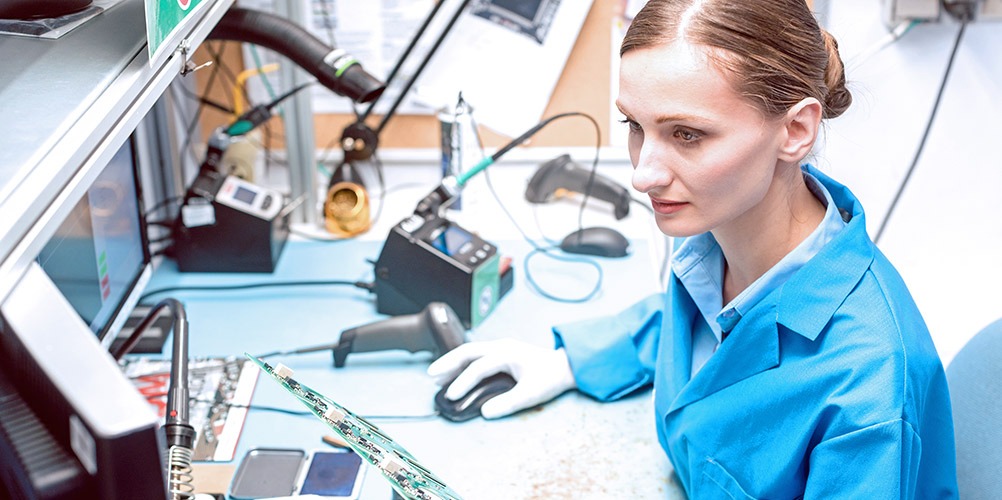 A supply chain technician looks at a computer screen while holding a processor board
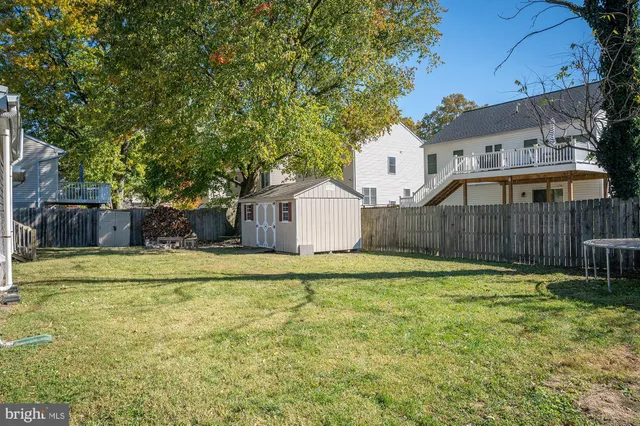 a view of a wooden door of the house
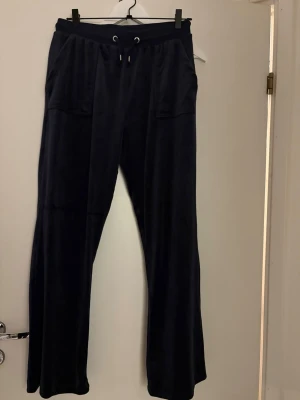 Marinblåa  mjukisbyxor från Juicy Couture - Marinblå mjukisbyxor från Juicy Couture med bred resår och snörning i midjan. Byxorna har stora fickor fram och bak med silverfärgade detaljer. Materialet är mjukt och sammetliknande, och modellen är loose med raka ben. Storlek 15/16 - kidsbrandstore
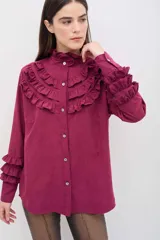 Camisa de manga larga en color rosado, con diseño de volados en cascada en el frente y en los puños. Presenta cuello alto con terminación suave y cierre frontal con botones.
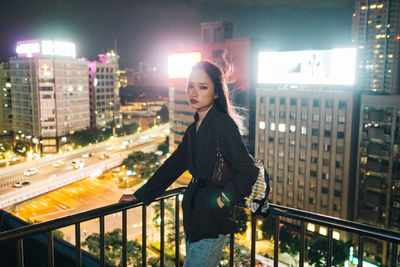 Portrait of woman standing by railing in city at night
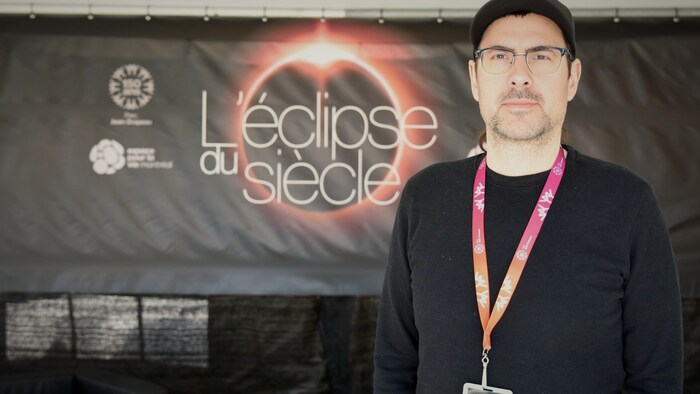 portrait devant l'affiche de l'éclipse du siècle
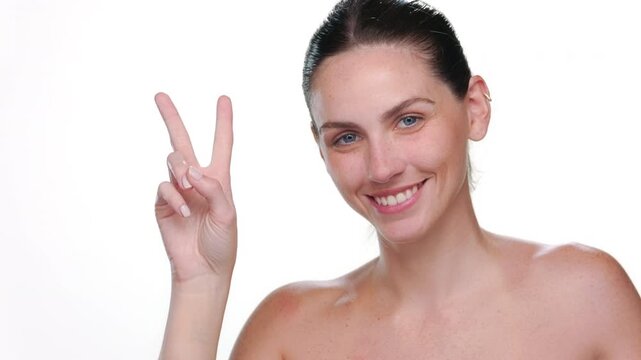 Close up of light-complexioned Latina with freckles with blue eyes and ponytale hairstyle showing a peace sign against white bg | Cosmetic product ads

- TASK BRIEF -
Could you set down, exactly as written, every line from the start of the records above through the line containing "15/16 - kidsbrandstore", leaving the pictures out?

- THE ANSWER -
 A supply chain technician looks at a computer screen while holding a processor board
 a view of a wooden door of the house
 Marinblåa  mjukisbyxor från Juicy Couture - Marinblå mjukisbyxor från Juicy Couture med bred resår och snörning i midjan. Byxorna har stora fickor fram och bak med silverfärgade detaljer. Materialet är mjukt och sammetliknande, och modellen är loose med raka ben. Storlek 15/16 - kidsbrandstore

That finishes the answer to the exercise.